Mit 33% der EU-Ausfuhren profitieren vor allem deutsche Unternehmen vom Abkommen.

Im Sommer 2015 endeten die Verhandlungen zum EU-Vietnam Freihandelsabkommen. Derzeit liegt das Abkommen dem Europäischen Rat und dem Europäischen Parlament zur Ratifizierung vor. Das EU-Vietnam-Freihandelsabkommen soll voraussichtlich Ende 2019/Anfang 2020 in Kraft treten.

99% der Zölle werden durch das Freihandelsabkommen zwischen der EU und Vietnam abgebaut. Direkt mit Inkrafttreten verpflichtet sich Vietnam 65% der Zölle abzuschaffen. Für alle weiteren Erzeugnisse werden die Zölle über einen Zeitraum von 10 Jahren schrittweise abgebaut.

Mit Inkrafttreten können fast alle Maschinenerzeugnisse zollfrei in Vietnam eingeführt werden. Nach fünf Jahren folgen die weiteren Maschinenerzeugnisse. Fast 70% der Chemieerzeugnisse sind sofort zollfrei, der Rest folgt nach 3,5 bzw. 7 Jahren. Bei etwa der Hälfte der EU-Ausfuhren von Arzneimitteln werden die Zölle sofort abgeschafft. Die Zölle auf Krafträder mit Motoren mit einem Hubraum von mehr als 150 ccm sowie auch Autoteile werden nach sieben Jahren und auf PKW nach 10 Jahren vollständig abgabaut. 84% der Zölle schafft die EU mit Inkrafttreten des Abkommens für vietnamesische Ursprungswaren ab. Die restlichen Zölle werden innerhalb von sieben Jahren abgebaut. Sowohl für die EU als auch für Vietnam bestehen für sensible Agrarerzeugnisse Zollkontingente.

Voraussetzung für eine zollfreie Einfuhr ist, dass es sich um Ursprungserzeugnisse des Vertragspartnerstaates handelt. Die Ursprungsregeln können dem Ursprungsprotokoll ab Seite 63 entnommen werden.

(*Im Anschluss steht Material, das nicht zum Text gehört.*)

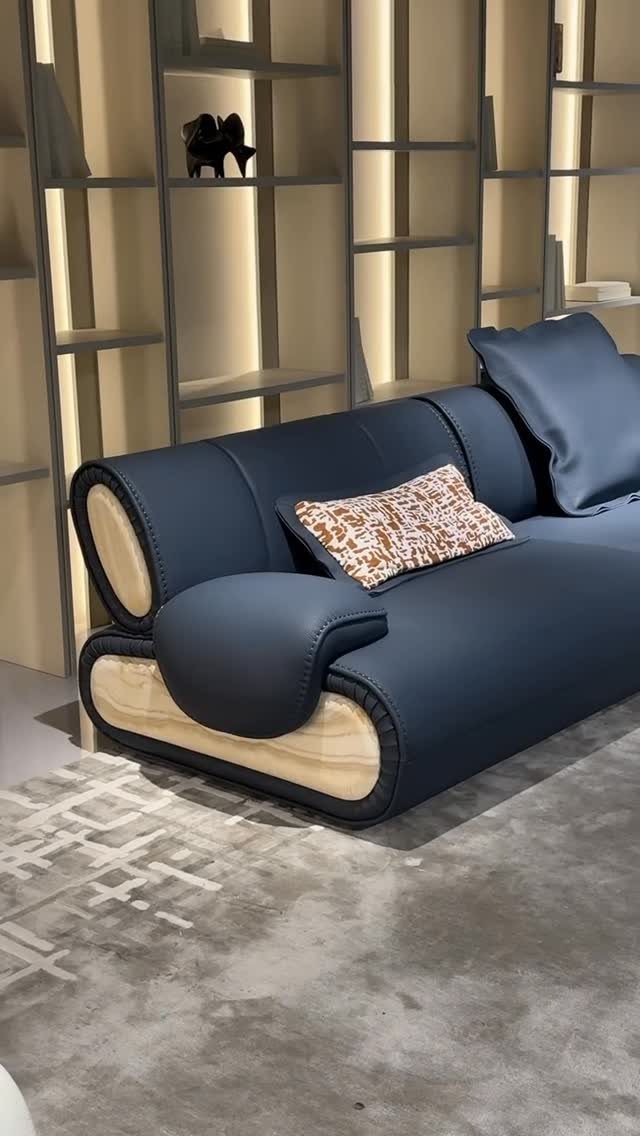 Navy blue modern sofa with a patterned pillow in a minimalist room
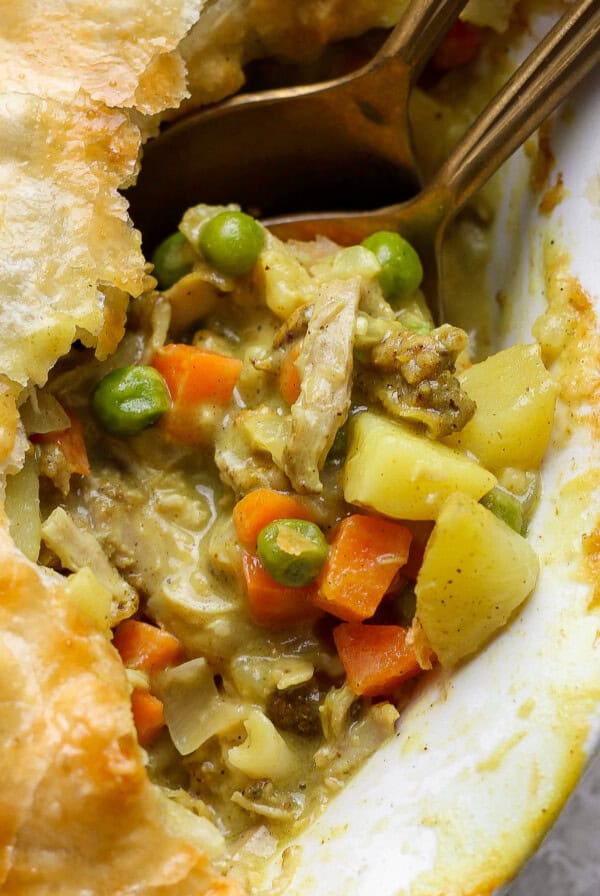 A close-up of a pot pie with a golden crust, showing a filling of chicken, peas, carrots, and potatoes, with two spoons partially inside.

Als Ursprungsnachweis kann die Ursprungserklärung bis zu einem Warenwert von 6.000 € auf einem Handelspapier abgegeben werden. Ab 6.000 € ist wieder die bekannte Warenverkehrsbescheinigung EUR.1 zu verwenden. Als Verfahrenserleichterung kann der "Ermächtigter Ausführer" verwendet bzw. beim Hauptzollamt beantragt werden. Der Ermächtigte Ausführer darf die Ursprungserklärung auch über einem Wert von 6.000 € abgeben.